- _Supplied information_:
────────────────────
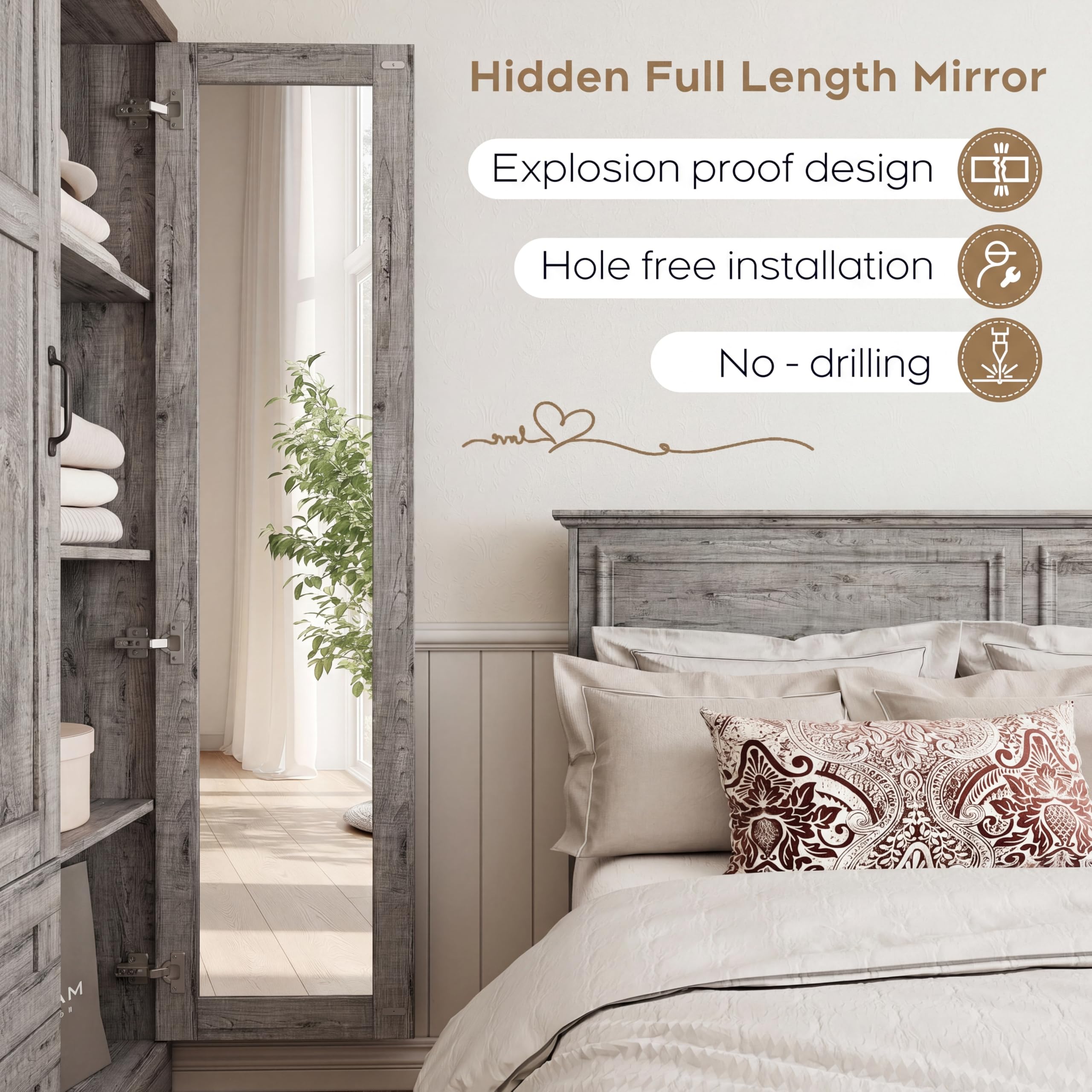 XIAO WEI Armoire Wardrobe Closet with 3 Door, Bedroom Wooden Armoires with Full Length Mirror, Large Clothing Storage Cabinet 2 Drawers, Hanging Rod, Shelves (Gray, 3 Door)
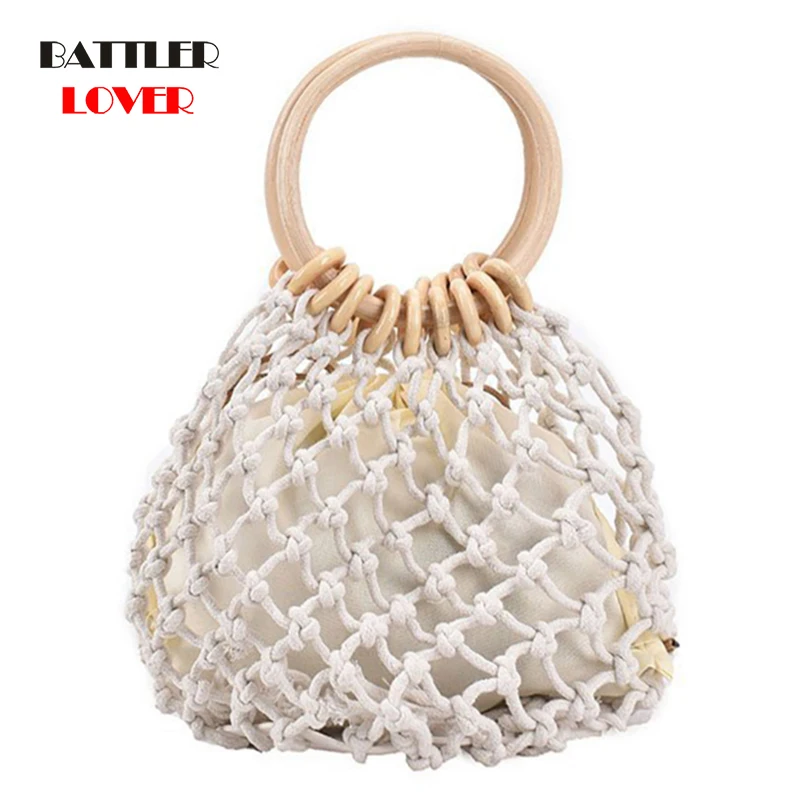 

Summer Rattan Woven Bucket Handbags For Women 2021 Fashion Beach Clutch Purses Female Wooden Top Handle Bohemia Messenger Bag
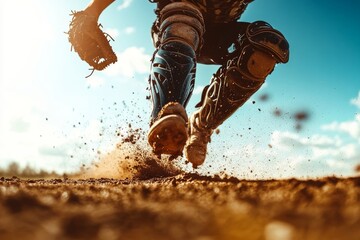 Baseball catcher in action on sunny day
────────────────────
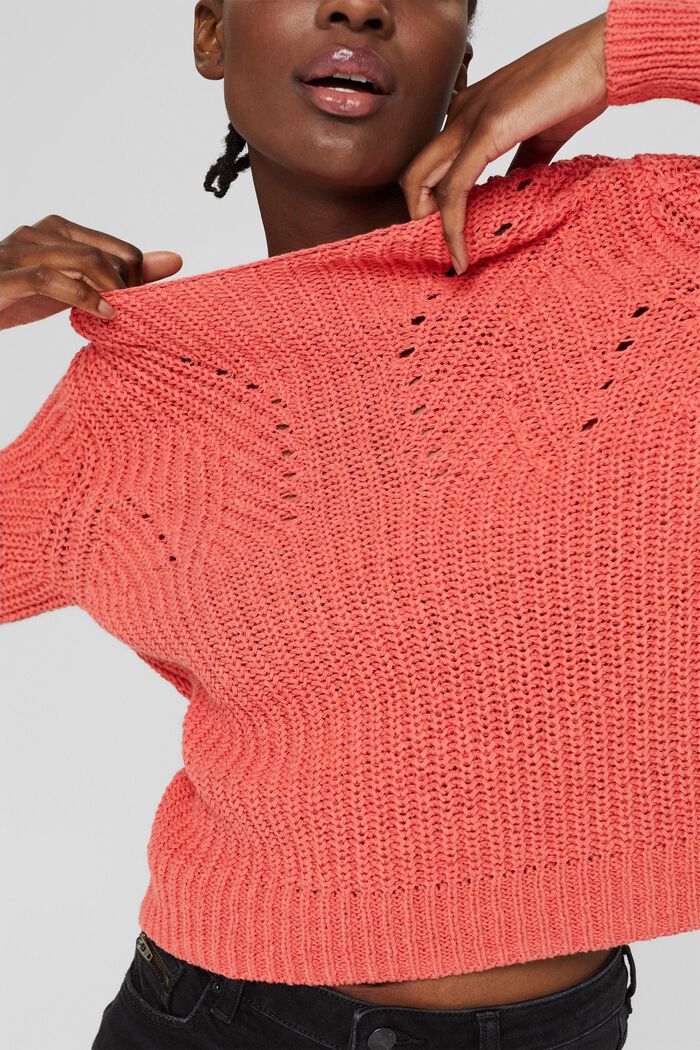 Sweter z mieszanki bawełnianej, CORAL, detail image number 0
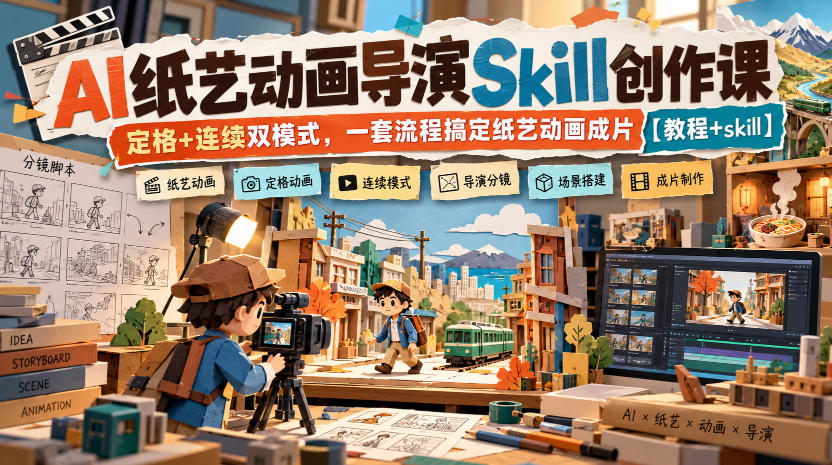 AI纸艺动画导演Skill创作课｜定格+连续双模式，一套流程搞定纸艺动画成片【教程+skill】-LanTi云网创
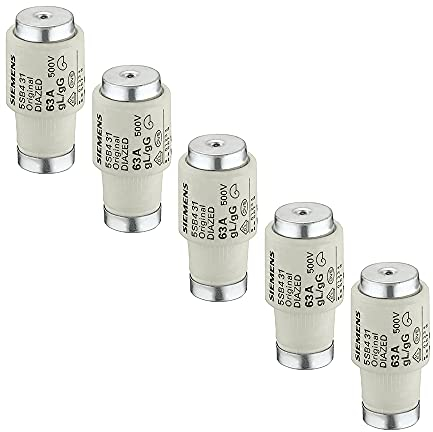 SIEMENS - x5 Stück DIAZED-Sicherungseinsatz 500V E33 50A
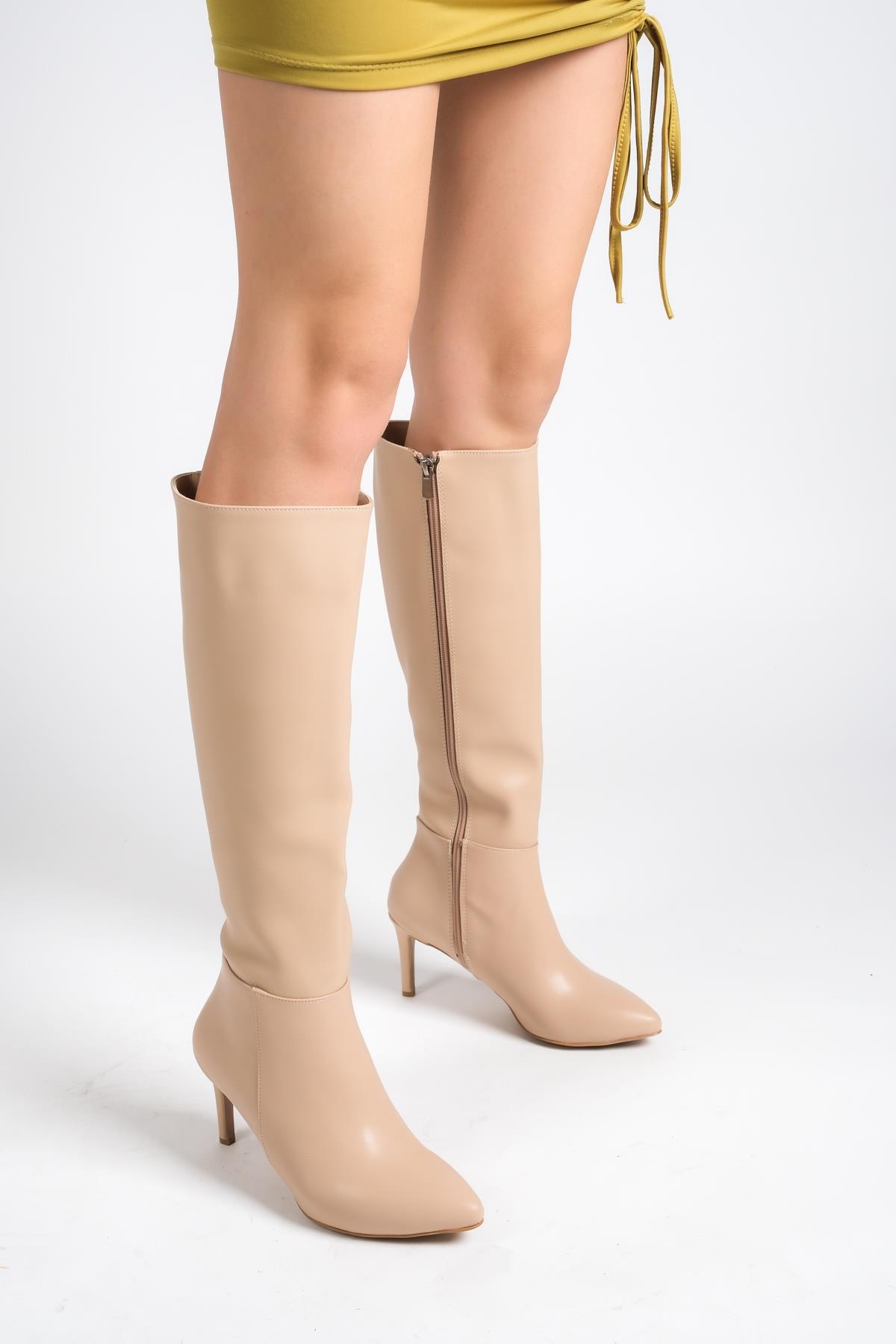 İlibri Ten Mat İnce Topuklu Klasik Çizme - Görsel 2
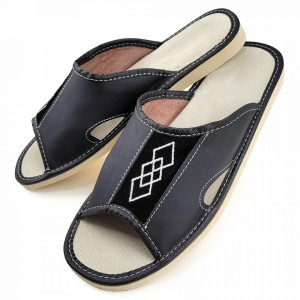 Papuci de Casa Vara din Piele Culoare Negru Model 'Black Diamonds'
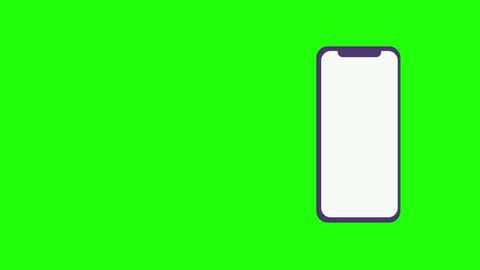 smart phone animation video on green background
────────────────────
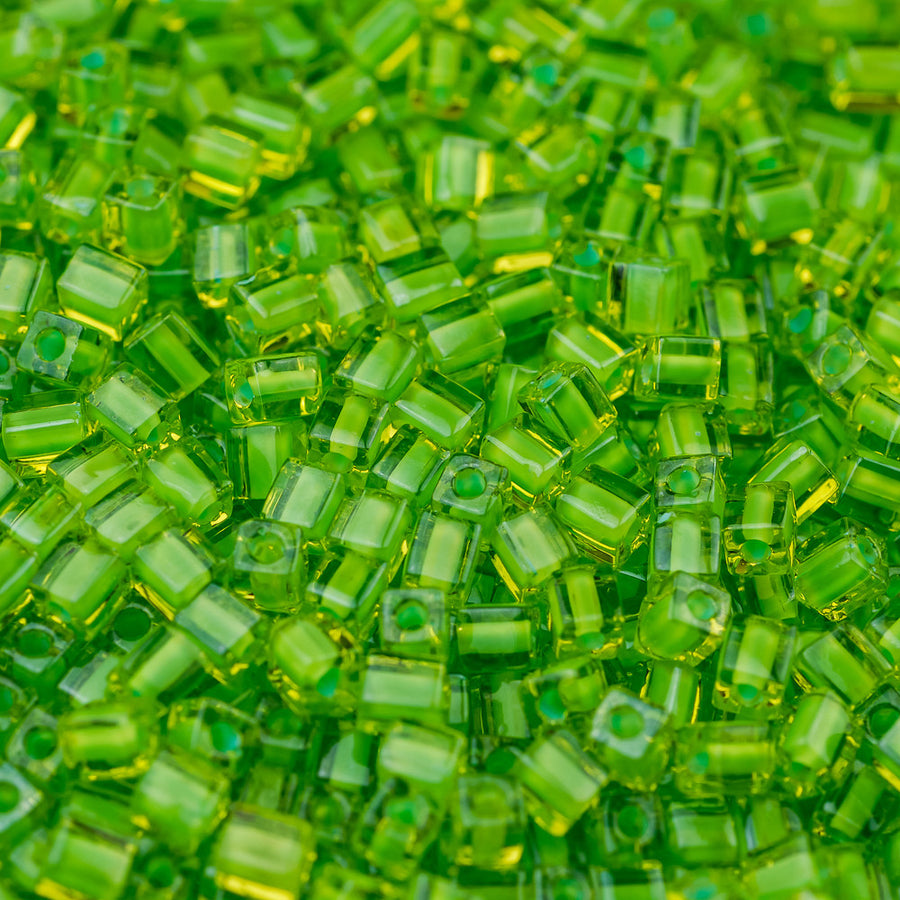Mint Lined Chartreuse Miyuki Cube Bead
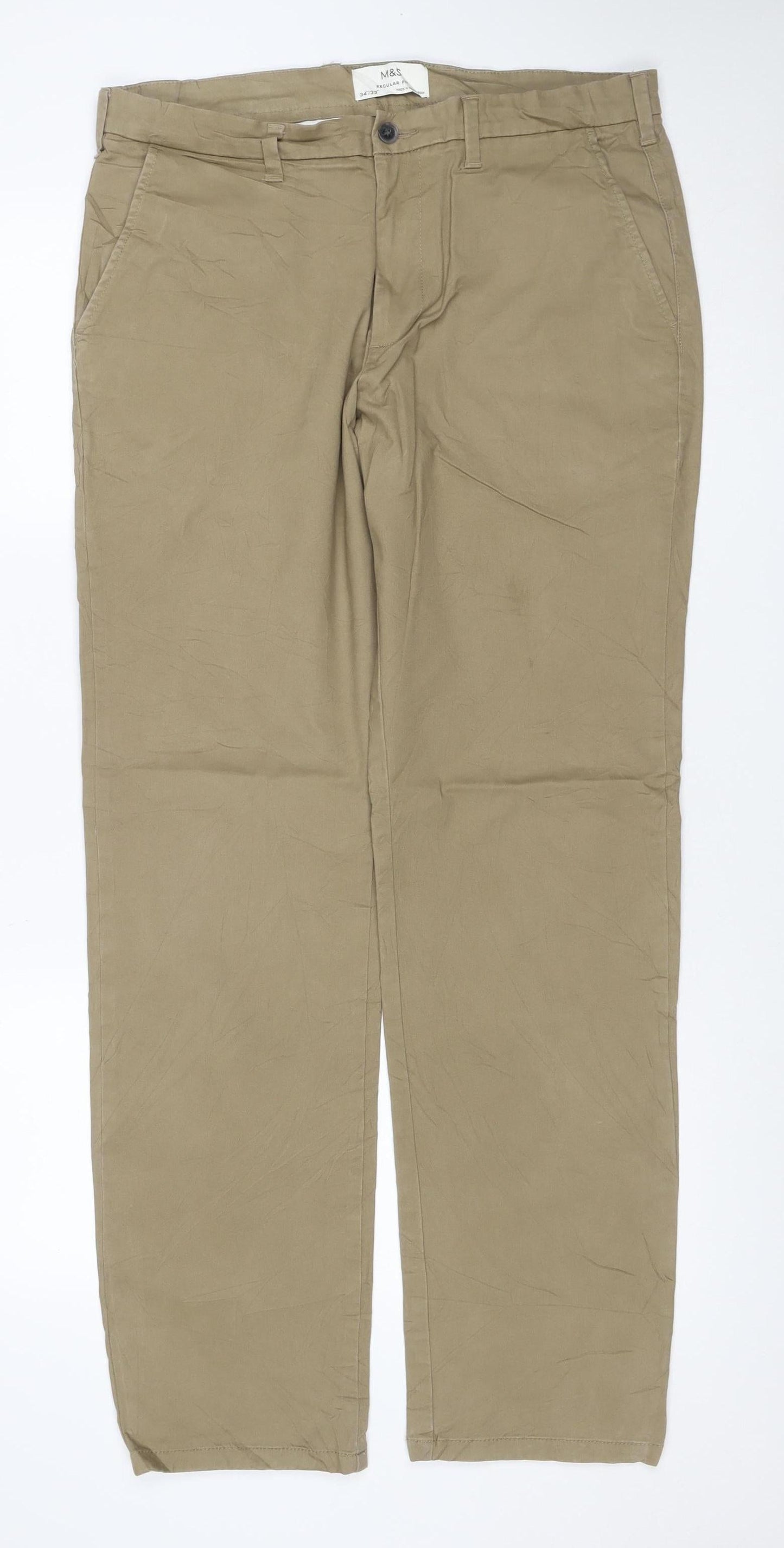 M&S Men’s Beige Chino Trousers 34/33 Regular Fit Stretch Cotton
────────────────────
- _Assigned task_:
Nothing but the lines from the one with "XIAO WEI Armoire" to the one with "Baseball catcher in action on sunny day" above, both included, should be transcribed, exactly and without pictures.

- _The completed task_:
 XIAO WEI Armoire Wardrobe Closet with 3 Door, Bedroom Wooden Armoires with Full Length Mirror, Large Clothing Storage Cabinet 2 Drawers, Hanging Rod, Shelves (Gray, 3 Door)

Summer Rattan Woven Bucket Handbags For Women 2021 Fashion Beach Clutch Purses Female Wooden Top Handle Bohemia Messenger Bag
 Baseball catcher in action on sunny day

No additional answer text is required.